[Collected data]
☆ ☆ ☆

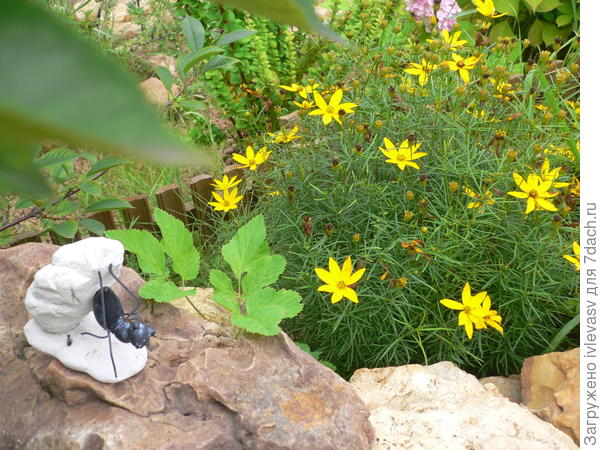 Многолетники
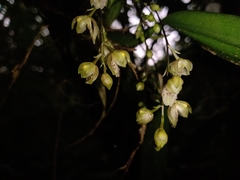 Leochilus oncidioides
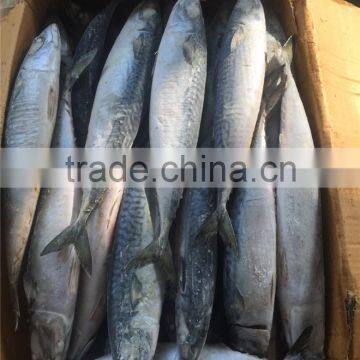 Hight quality frozen pacific mackerel for sale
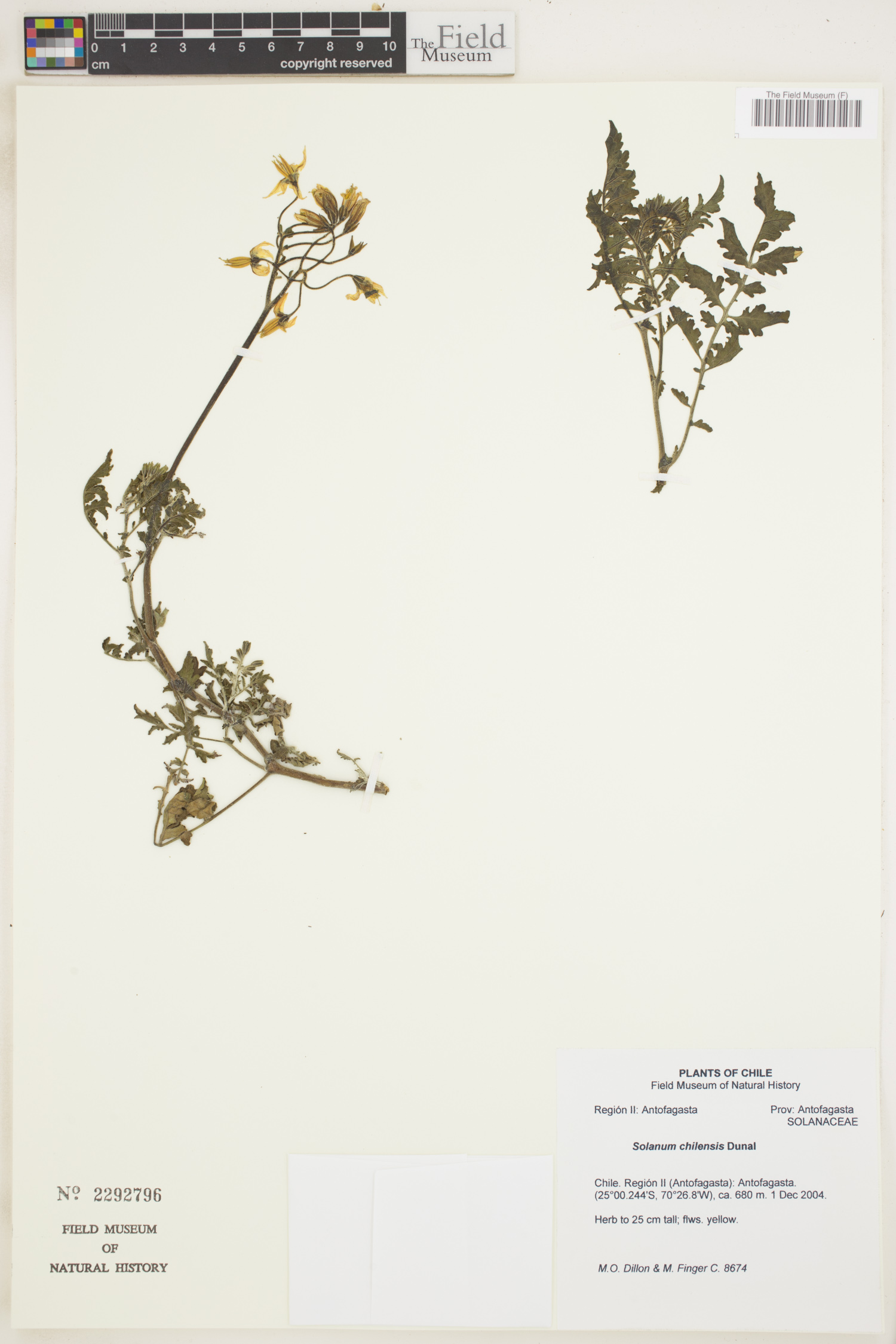 Solanum chilense image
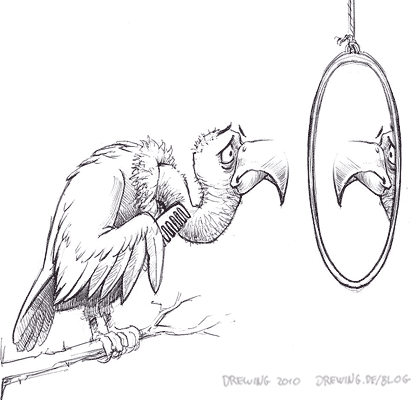 Keep Mirrors Out Of Birdcages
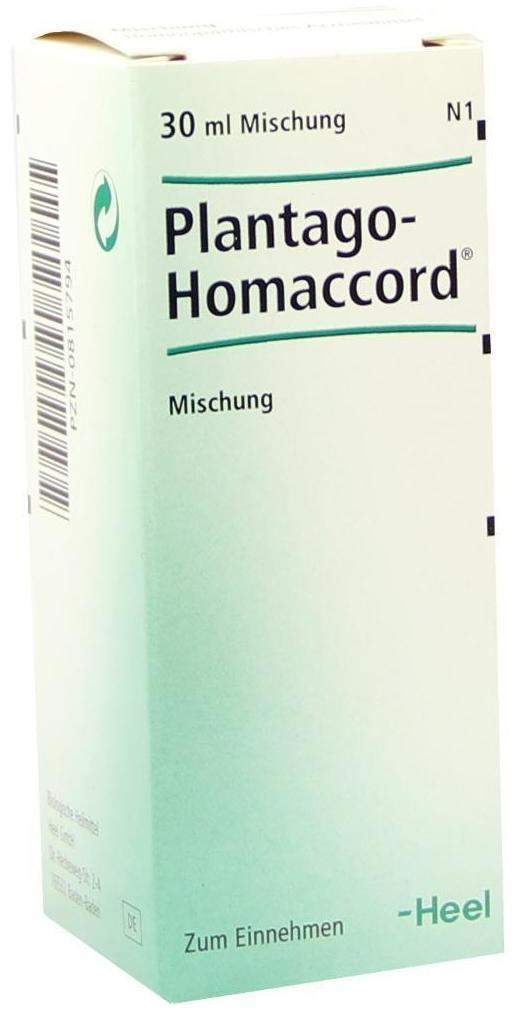 Plantago Homaccord 30 ml Tropfen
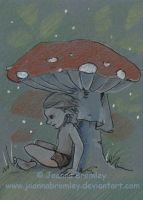 Under the Toadstoole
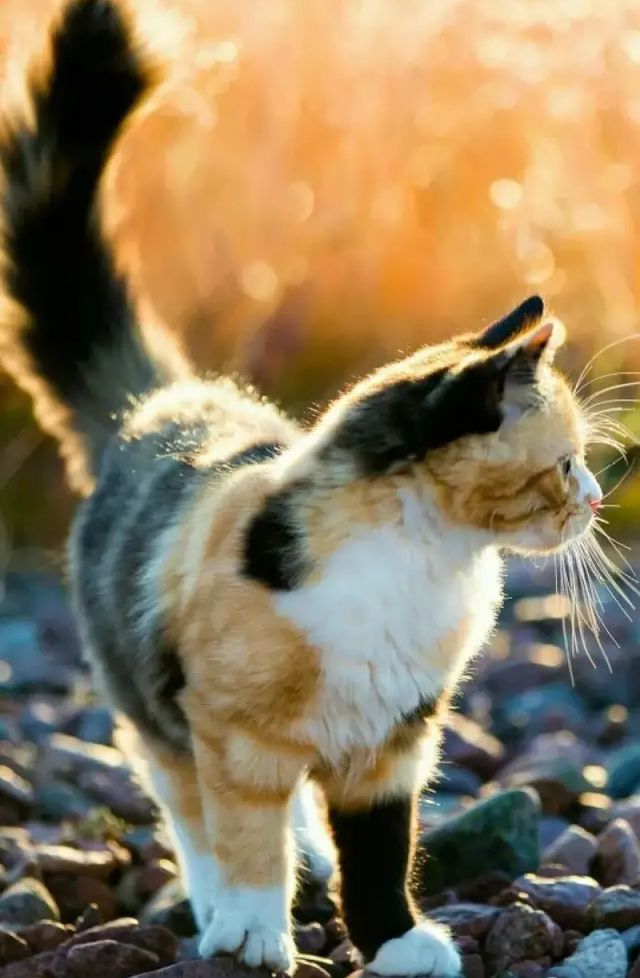 What kind of Chinese pastoral cat do you like best - iMedia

☆ ☆ ☆

> **Task details**: What the response needs is every entry, repeated exactly, and none of the pictures.

> **Response to this task**:
 Многолетники
 Leochilus oncidioides
 Hight quality frozen pacific mackerel for sale
 Solanum chilense image
 Keep Mirrors Out Of Birdcages
 Plantago Homaccord 30 ml Tropfen
 Under the Toadstoole
 What kind of Chinese pastoral cat do you like best - iMedia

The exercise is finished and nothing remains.